Task inputs
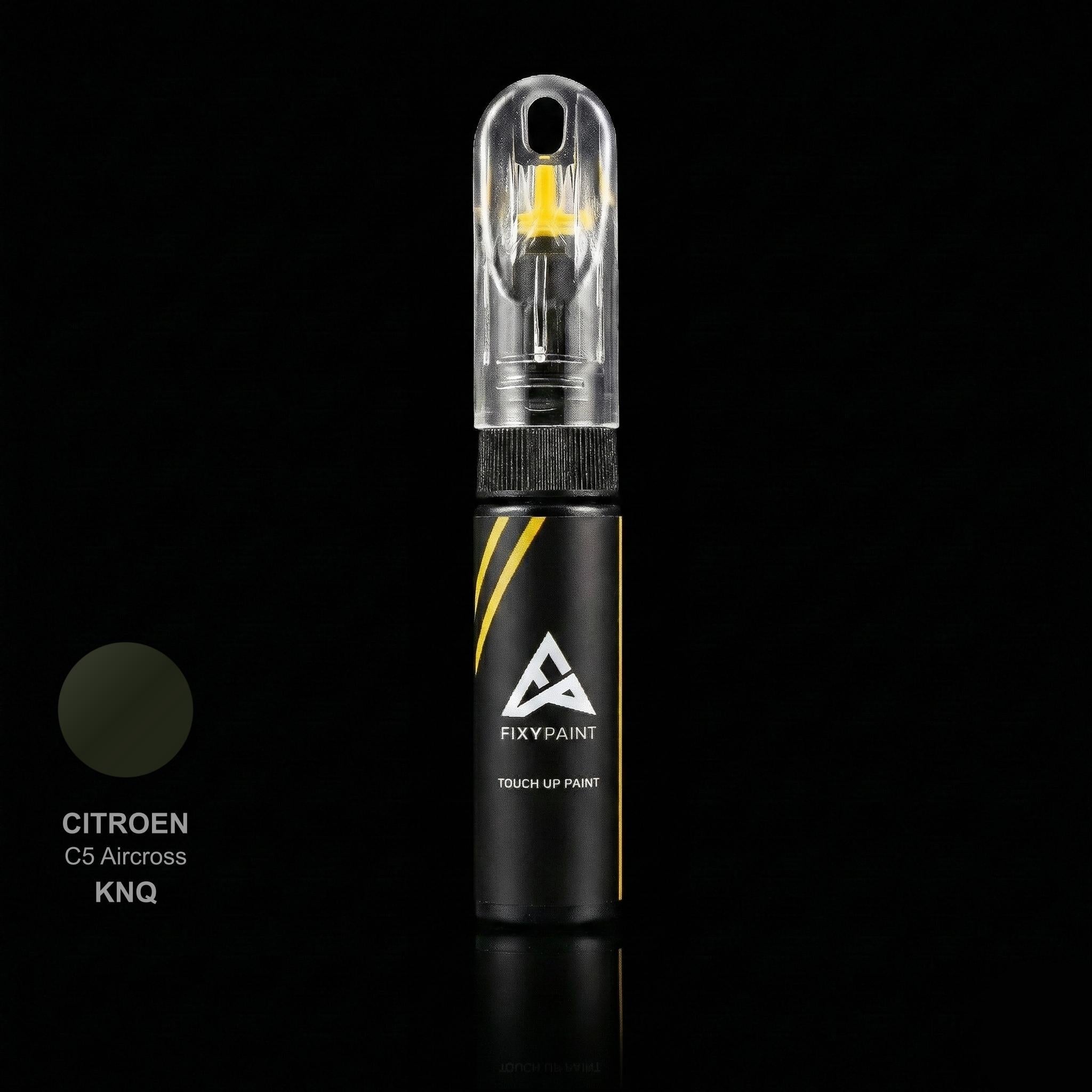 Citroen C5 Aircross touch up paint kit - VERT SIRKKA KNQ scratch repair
---
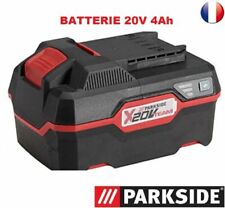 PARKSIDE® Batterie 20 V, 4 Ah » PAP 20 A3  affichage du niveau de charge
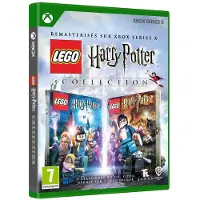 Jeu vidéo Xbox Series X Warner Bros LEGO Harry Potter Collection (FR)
==
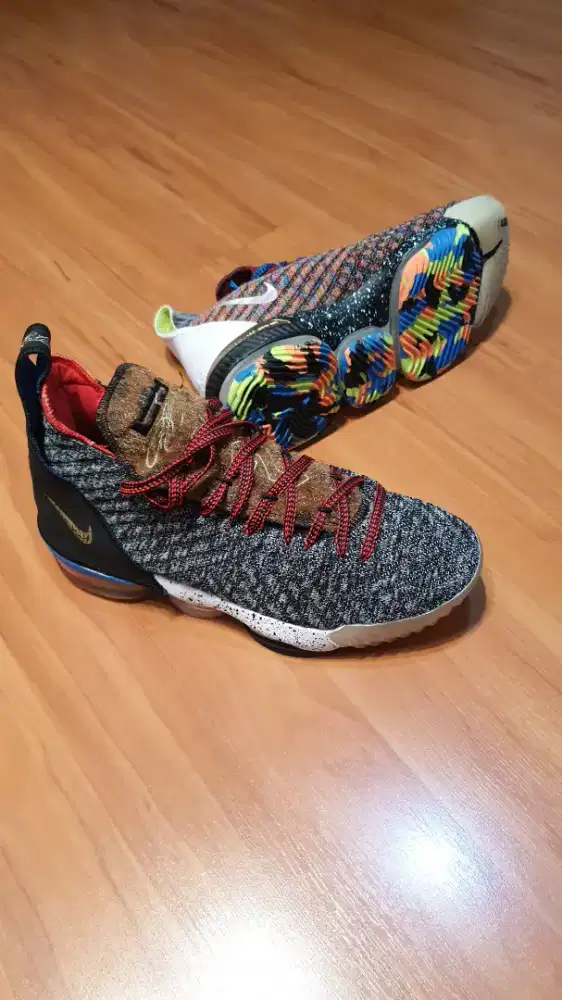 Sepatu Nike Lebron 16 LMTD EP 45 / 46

Work task
Within the material above, only the stretch from the line holding "PARKSIDE® Batterie 20" through the line holding "Jeu vidéo Xbox" is to be restated exactly. Pictures are dropped.

Response
 PARKSIDE® Batterie 20 V, 4 Ah » PAP 20 A3  affichage du niveau de charge
 Jeu vidéo Xbox Series X Warner Bros LEGO Harry Potter Collection (FR)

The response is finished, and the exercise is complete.